Heer, ik heb betrouwen op U, een blind en grenzeloos be­trouwen, want Gij zijt mijn God, en mijn lotsbestemming ligt in Uw handen (Offert.).

Hoe zou ik wantrouwig kunnen zijn voor de toekomst, als ik bedenk, hoe Gij mij in 't verleden hebt verhoord en uit de nood geholpen (Comm.)?

Smekingen. Wat ik vraag, o Heer, 't is dat mijn ziel, door versterving gelouterd, schittere voor Uw aanschijn door heilige verlangens naar U (Coll.);

't Is dat ik met U mocht verzoend zijn, en dat Gij ons zoudt bevrijden van de gevaren die uw gelovig volk bedreigen (Secr. Or super pop.);

't Is dat ik uiteindelijk tot het bezit van Uzelf gerake, waar het deelnemen aan de Eucharistie een onderpand van geeft (Post­comm.).

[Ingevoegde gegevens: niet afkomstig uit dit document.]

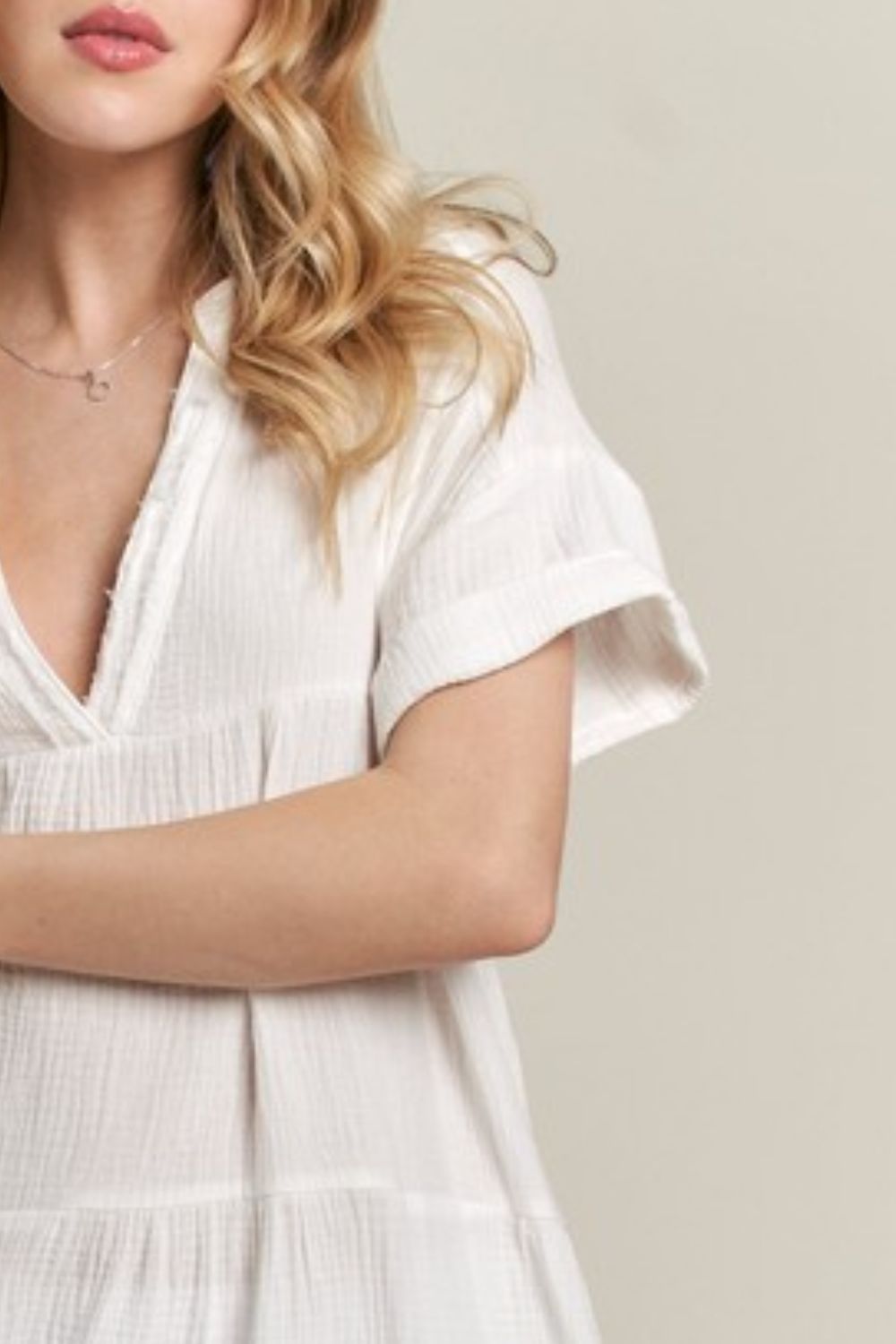 ADORA Tiered Notched Short Sleeve Dress-Very Besty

In de mis, mijn broeder, zult gij met nadruk in het Pater noster, met de priester medebidden: Adveniat regnum tuum, Vader, dat Uw rijk kome in mij, dat ik U gans en geheel toe behore: “Alles tot meerdere eer en glorie van God”; buiten mij, dat allen over de ganse wereld zich bukken onder uw zoete juk!

Besluit.

Ik wil de dag hoopvol inzetten, hoopvol doorbrengen, de blik gevestigd op mijn laatste doel. God is mijn heil, God is mijn hoop. En 'k zal van tijd tot tijd herhalen: In deze hoop, volgens deze hoop, wil ik leven en sterven! H. Hart van Jezus, ik vertrouw op U, blindelings, met mijn ogen toe!